Uh-oh! In two of those four cases, Charlie may be “surprised” tomorrow. Indeed, in Dana’s final paragraph, the oracle was already rethinking Burns, based on brand new polling reports. "Burns might not be dead yet,” Charlie said—haven’t just been shown saying the opposite.

These people aren’t good at predictions! Yesterday morning, Mark Plotkin (like Charlie, a very nice guy) was playing the seer on Washington Journal—and he said that he’d thought, after August’s Nutmeg State primary, that Lieberman had no chance in the general! But if Mark was that clueless back in August, what makes him an expert again in November? Simple! Our big news orgs just luv wasting time—and predictions are a great way to do it.

How bad are these experts at making predictions? As you can see from yesterday’s Post, the winner of the 1998 Crystal Ball Contest was—let’s have a drum-roll, please—a group of tenth-graders from Montgomery Blair High! And they only won because chimps weren’t involved—and because the adults weren’t allowed to use coin-flips.

THE MARC OF THE BEAST: Ever since 1999, he’s been a scribe we luv to hate. But we thought Marc Fisher topped even himself in Sunday’s piece about the Allen-Webb contest. First, our analysts tore their hair when Fisher began with this daft but familiar “analysis:”

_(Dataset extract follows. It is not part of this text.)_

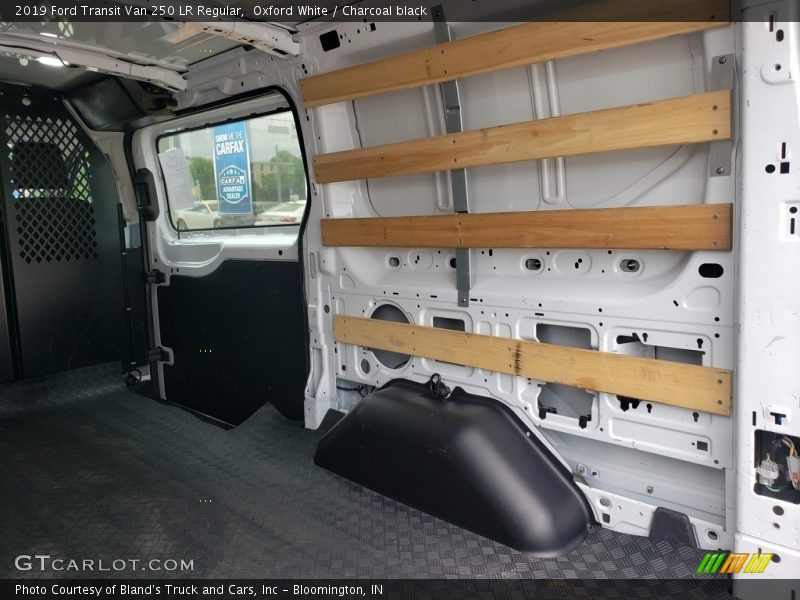 Oxford White / Charcoal black 2019 Ford Transit Van 250 LR Regular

FISHER (11/5/06): In two days, Virginians get to choose between a guy who complains he's bored in the Senate ("It's too slow for me," George Allen said) and a challenger, Jim Webb, who says he's really first and foremost a writer.

In this wild, nasty and frightfully expensive campaign, we've learned way more than anyone ever wanted to know about what these two gents don't like: They're down on some combination of foreigners, blacks, women, Jews, Hollywood types, gays and sex. Oh, and each other—big-time.
In paragraph one, the critic modestly tells the world that unlike me, these guys are both bozos. But paragraph two is really the winner. According to Fisher, Allen and Webb “don’t like—are down on—some combination of foreigners, blacks, women, Jews, Hollywood types, gays and sex.” Of course, it’s Allen who—according to Current Official Pundit Assessments— is down on foreigners, blacks, Jews, Hollywood types, gays and sex. Webb is only down on women (based on a 27-year-old newspaper column). But so what? Fisher simply runs the two together, helping us see how hopelessly bad each of these two men are. Both men have “distasteful characters,” he tells us near the end of his piece.

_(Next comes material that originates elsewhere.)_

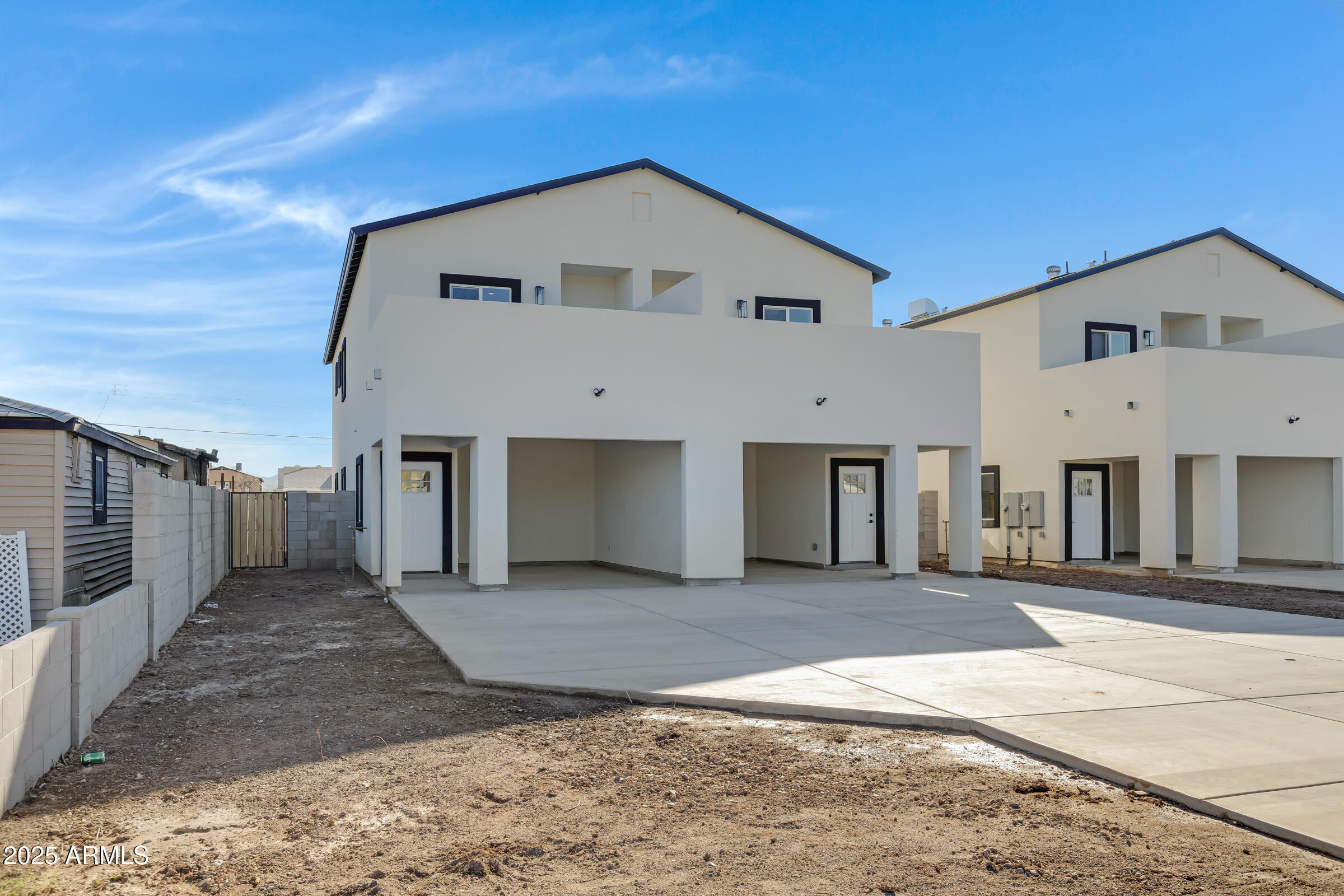 1527 W HADLEY Street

You’d think it couldn’t get dumber than that—but trust us, Fisher is up to the challenge. Here’s his review of the “remarkably inept campaign” which Allen has supposedly run:
FISHER: Both have run remarkably inept campaigns, but they have done so in dramatically different fashion: In a survey by the National Journal of campaign professionals in both parties, Allen easily landed the No. 1 spot in both the Democratic and Republican lists of which candidate has conducted the worst campaign in the nation.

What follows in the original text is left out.